Histórias e lembranças de um jogo eterno: As memórias de uma testemunha do Maracanazo

Gaúcho Júlio Morosini, hoje com 90 anos, estava na arquibancada do Maracanã e viu o Brasil perder a decisão da Copa de 1950 para o Uruguai

postado em 16/07/2020 08:30 / atualizado em 18/07/2020 15:05

(Foto: Reprodução)
Há exatos 70 anos, o Brasil chegava pela primeira vez a uma final de Copa do Mundo. E o melhor, sendo o país sede da competição. Porém, o cenário que estava preparado para se transformar na consagração inicial do futebol brasileiro entrou para a história por outro motivo. O gol da vitória uruguaia de virada por 2 a 1, marcado pelo atacante Ghiggia (os brasileiros jogavam pelo empate), eternizou e deu nome àquela decisão. E sete décadas depois, o Diario ouviu uma testemunha do Maracanazo. O gaúcho Júlio Luiz Morosini Filho, de 90 anos, que confirmou histórias, revelou outras e saiu em defesa do goleiro Barbosa, apontado como o principal responsável pela derrota.

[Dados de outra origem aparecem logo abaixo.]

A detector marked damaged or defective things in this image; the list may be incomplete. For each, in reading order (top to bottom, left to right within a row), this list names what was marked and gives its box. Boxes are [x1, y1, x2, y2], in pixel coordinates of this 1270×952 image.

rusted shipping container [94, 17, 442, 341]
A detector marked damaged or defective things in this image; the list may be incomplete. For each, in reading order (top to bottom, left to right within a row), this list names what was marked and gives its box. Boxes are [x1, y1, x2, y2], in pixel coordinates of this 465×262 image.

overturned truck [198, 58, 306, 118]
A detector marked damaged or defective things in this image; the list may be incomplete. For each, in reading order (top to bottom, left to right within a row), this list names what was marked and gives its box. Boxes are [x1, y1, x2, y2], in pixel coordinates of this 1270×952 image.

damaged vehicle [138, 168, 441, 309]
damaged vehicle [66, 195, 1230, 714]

Naquele dia 16 de julho de 1950, o jovem militar Júlio Morosini, então com 20 anos recém completados, chegou ao Maracanã às oito horas da manhã. Sete antes do horário marcado para a partida. Sabia que teria a companhia de uma multidão. Oficialmente, 173.850 pagaram ingressos para assistirem a decisão, mas o público estimado foi de 200 mil pessoas. Inaugurado um mês antes, o Maracanã ainda se encontrava em obras na final.

“Teve torcedor com ingresso não mão que não conseguiu entrar tamanha era a multidão. Até hoje não sei como achei um lugar pra mim. Um muro caiu e muitos entraram sem pagar. Invadiram o estádio”, recorda Júlio, que assistiu à partida atrás do gol uruguaio. Com isso, pôde ver de perto Friaça abrir o placar logo aos dois minutos do segundo tempo. E de longe, Schiaffino empatar aos 21 e Ghiggia emudecer o Brasil aos 34 minutos.

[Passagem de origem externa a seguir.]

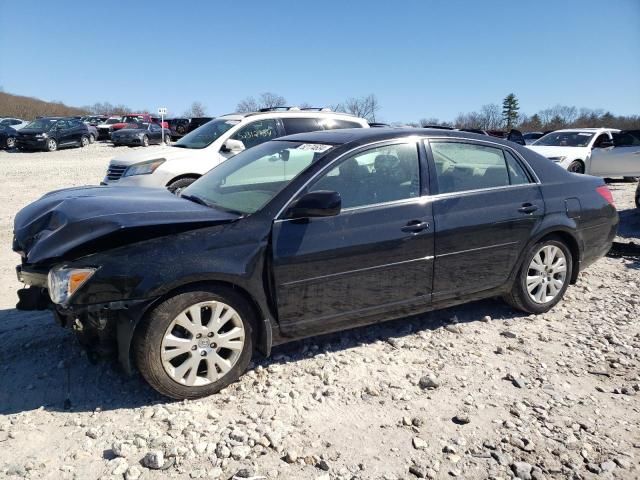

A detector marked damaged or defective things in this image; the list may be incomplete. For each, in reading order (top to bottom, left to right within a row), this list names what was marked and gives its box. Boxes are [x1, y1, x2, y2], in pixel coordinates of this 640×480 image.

crumpled hood [13, 186, 239, 264]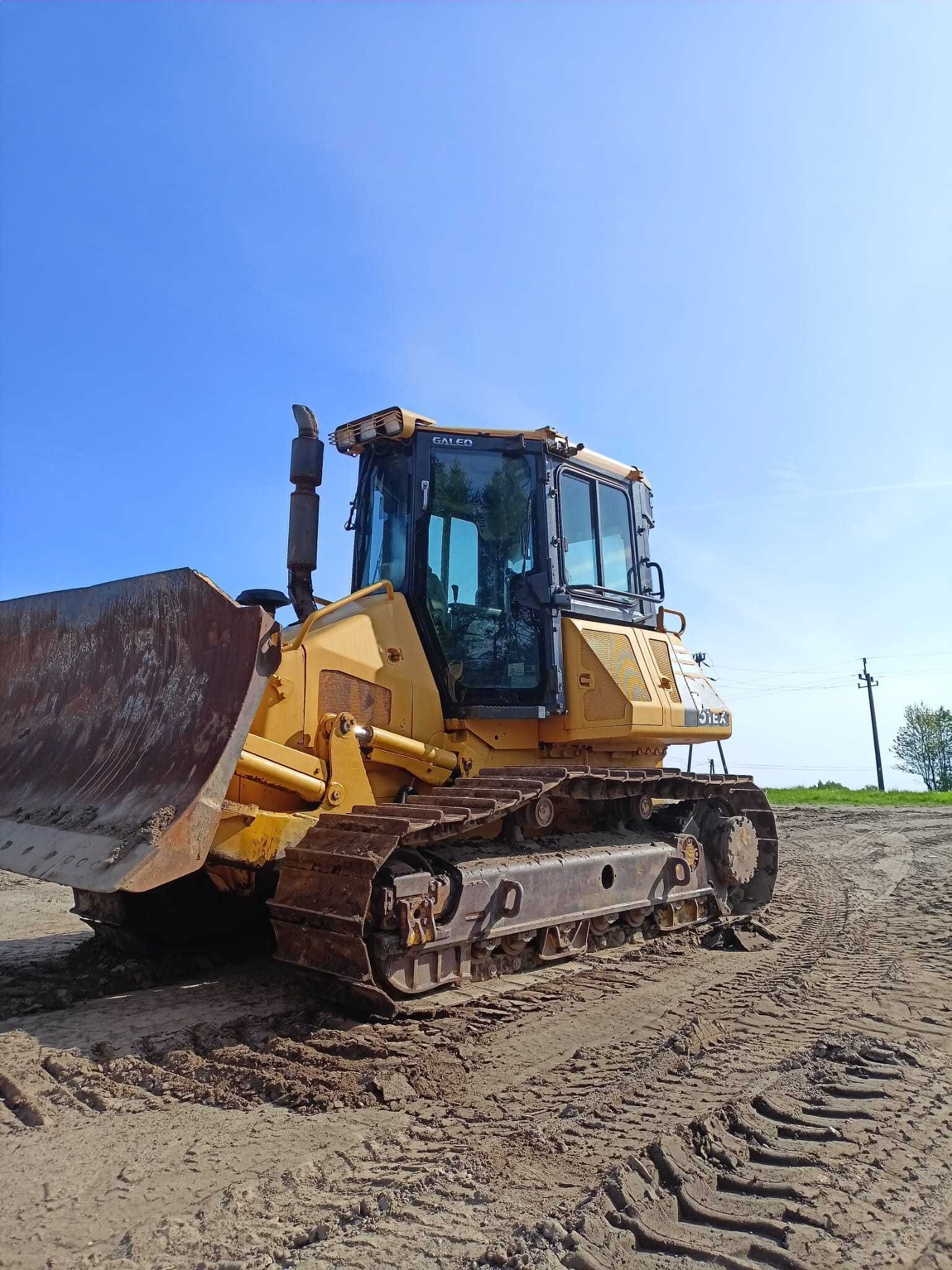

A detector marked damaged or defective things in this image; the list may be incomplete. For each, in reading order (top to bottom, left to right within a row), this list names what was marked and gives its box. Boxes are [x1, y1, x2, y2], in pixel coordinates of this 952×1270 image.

rusty blade [0, 571, 281, 889]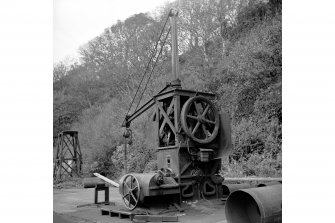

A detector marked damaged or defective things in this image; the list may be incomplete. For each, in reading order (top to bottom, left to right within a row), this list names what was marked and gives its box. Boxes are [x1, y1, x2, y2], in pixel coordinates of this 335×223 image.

rusty metal surface [226, 184, 284, 223]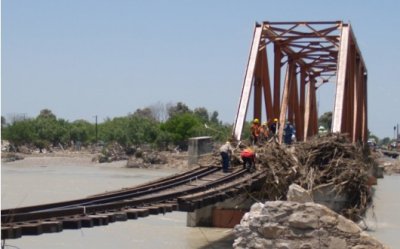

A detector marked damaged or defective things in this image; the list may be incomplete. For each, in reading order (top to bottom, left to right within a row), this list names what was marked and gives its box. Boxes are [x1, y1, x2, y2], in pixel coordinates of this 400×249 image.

bent railroad track [2, 165, 268, 239]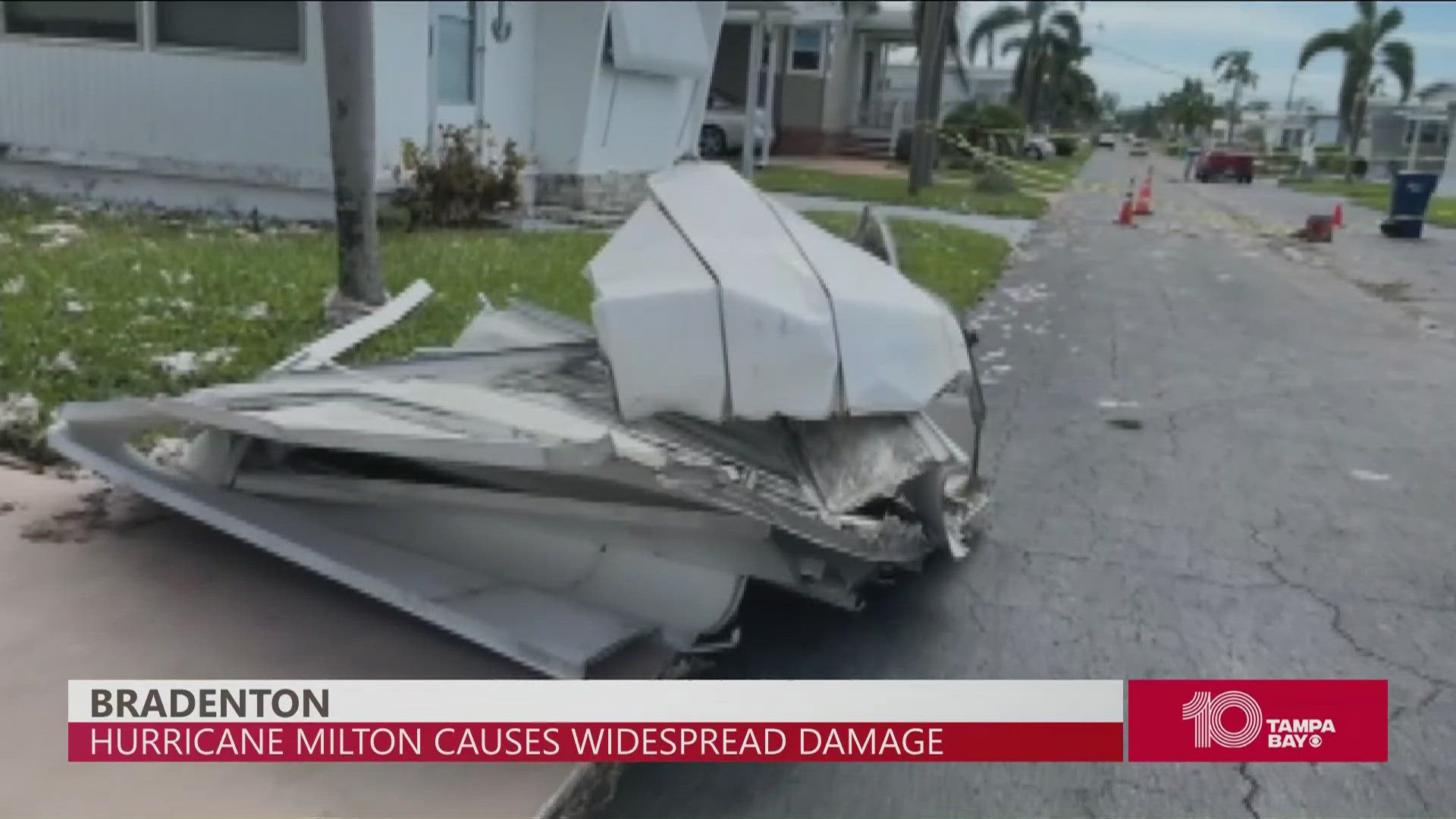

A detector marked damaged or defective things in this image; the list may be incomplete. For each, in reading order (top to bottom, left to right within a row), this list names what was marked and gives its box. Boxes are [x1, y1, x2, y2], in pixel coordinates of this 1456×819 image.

crumpled aluminum awning [585, 163, 972, 422]
cracked asphalt [602, 149, 1456, 810]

O jogo contra os uruguaios era o terceiro que Júlio Morosini assistiu naquela Copa. Antes, também se fez presente ao Maracanã para acompanhar a vitória por 2 a 0 sobre a Iugoslávia, ainda na primeira fase, e a goleada aplicada por 6 a 1 na Espanha, já no quadrangular final, na qual foi uma das vozes do coro que cantou a marchinha “Touradas de Madri”. “Os jogadores olhavam espantados para a arquibancada. Os espanhóis não estavam entendendo nada. Cantei muito”, recordou.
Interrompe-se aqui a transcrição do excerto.